Learn how to use Verifiers

How to use verifiers to filter out false positive results

 

Verifiers are one of the rule-based validation approaches, which filter out the false-positives. These let the user narrow down extraction results by applying some additional logic and checks to the extraction results. One can for example say that a specific type of information will always occur on the first page of the document, or that it must be on the lower half of the page, etc.
The verifiers will be processed after the transformers.
The verifiers with a star symbol * follow in the next release.
Verifier
Description
coords: Position Range
Rejects candidates which are not with the rectangle made of `left`, `right`, `top`, `bottom` coordinates, e.g. at the top half page.
coords: Position Range Center
Rejects candidates whose centers are not with the rectangle made of `left`, `right`, `top`, `bottom` coordinates, e.g. at the top half page.
image: aspect ratio
Restricts the results to a range of aspect ratio
key-value: Pair Orientation*
Defintion of keywords, which should be found in the near (horizontaly or verticaly) of the candidate
number: Page Number
Checks whether a candidate is on the specified page. Candidates found on other pages are ignored.
number: Value Range
Can only be used if the `output_data_type` is numeric (integer or float). Candidates with a value that is smaller than `minimum value` or larger than `maximum_value` are rejected.
pick_nth
This verifier picks the n-th element of the sorted candidate list
string: Ends With
Candidates that do not end with the specific string are rejected.
string: Has Not Pattern
Candidates containing the specified `pattern` are rejected.
string: Has Pattern
Candidates that do not contain the specified `pattern` are rejected. In this case only Swiss vat numbers are allowed
string: Starts Not With
Skips candidates whose prediction value start with a specific string.
string: Starts With
Candidates that do not start with the specific string are rejected.
string: String Length
Rejects candidates that do not have the right number of "characters"

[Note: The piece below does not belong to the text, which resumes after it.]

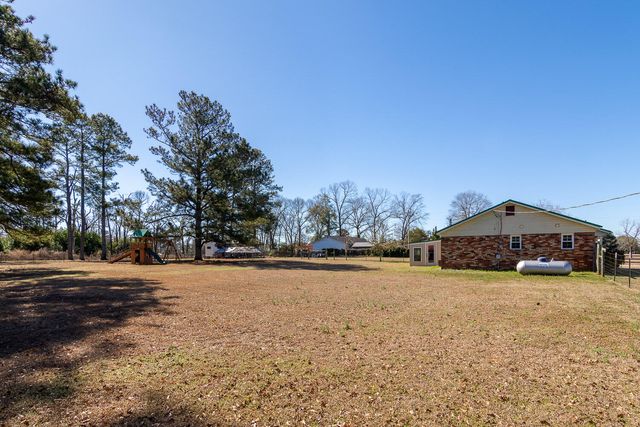 2066 Mcdade Farm Road, Hephzibah, GA 30815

Verifier "coords: Position Range"

Definition of coordinates, where the candidate have to be found. The verifier can restrict the result horizontally (left coordinate [0..1] (float) - right coordinate [0..1] (float)) and vertically (top coordinate [0..1] (float) - bottom coordinate [0..1] (float)). All values are defined in percent between 0 and 1, using a point as decimal.
Parameter
Description
Left coordinate
Left coordinate of the rectangle (related to page width)
0 <= value <= 1
Right coordinate
Right coordinate of the rectangle
(related to page width)
0 <= value <= 1
Top coordinate
Top coordinate of the rectangle
(related to page height)
0 <= value <= 1
Bottom coordinate
Bottom coordinate of the rectangle
(related to page height)
0 <= value <= 1

 

Verifier "coords: Position Range Center"

Definition of coordinates, where the center of the candidate have to be found. The verifier can restrict the result horizontally (left coordinate [0..1] (float) - right coordinate [0..1] (float)) and vertically (top coordinate [0..1] (float) - bottom coordinate [0..1] (float)). All values are defined in percent between 0 and 1, using a point as decimal.
 
Parameter
Description
Left coordinate
Left coordinate of the rectangle (related to page width)
0 <= value <= 1
Right coordinate
Right coordinate of the rectangle
(related to page width)
0 <= value <= 1
Top coordinate
Top coordinate of the rectangle
(related to page height)
0 <= value <= 1
Bottom coordinate
Bottom coordinate of the rectangle
(related to page height)
0 <= value <= 1

 

Verifier "key-value: Pair Orientation"

Definition of keywords, which should be found in the near (horizontaly or verticaly) of the candidate.
Parameter
Description
Orientation (string)
Search string (regex)

Verifier "image: Aspect ratio"

Check the aspect ratio of the result tokens (length / height).

Parameter
Description
Minimum value
minimum ratio
Maximum value
maximum ratio

Verifier "number: Page Number"

Checks whether a candidate is on the specified page. Candidates found on other pages are ignored. Here an example to extract the invoice date, which is normaly placed on the first page of an invoice.
Parameter
Description
Page number
Page number 1 = first page

 

Verifier "number: Value Range"

Can only be used if the output_data_type is numeric (integer or float). Candidates with a value that is smaller than minimum value or larger than maximum_value are rejected. Here an example to determine percentage values ( 0<= value <= 100).
Parameter
Description
Minimum value
Minimal value
Maximum value
Maximal value

 

Verifier "pick_nth"

This verifier picks the n-th element of the sorted candidate list, in this example the second element (zero-based index).
Parameter
Description
Index number
Index of the value
0 = first value
Result before restriction:
Result after restriction:

Verifier "string: Ends With"

Candidates that do not end with the specific string are rejected. As example to restrict candidates to amounts with to decimal places.
Parameter
Description
Pattern (string)
Search string (regex)

 

Verifier "string: Has Not Pattern"

Candidates containing the specified pattern are rejected. As example that the result is no German IBAN number.
Parameter
Description
Pattern (string)
Search string (regex)

 

Verifier "string: Has Pattern"

Candidates that do not contain the specified pattern are rejected. In this case only Swiss vat numbers are allowed.
Parameter
Description
Pattern (string)
Search string (regex)
 

 

Verifier "string: Starts Not With"

Skips candidates whose prediction value start with a specific string. In this case remove all tax identification number candidates with German identifier.
Parameter
Description
Pattern (string)
Search string (regex)

 

Verifier "string: Starts With"

Skips candidates whose prediction value not start with a specific string. In this case remove all tax identification number candidates, except Austrian ids.
Parameter
Description
Pattern (string)
Search string (regex)

 

Verifier "string: String Length"

Rejects candidates that do not have the right number of "characters".
Parameter
Description
Minimum length
minimal length of the value
Maximum length
maximal length of the value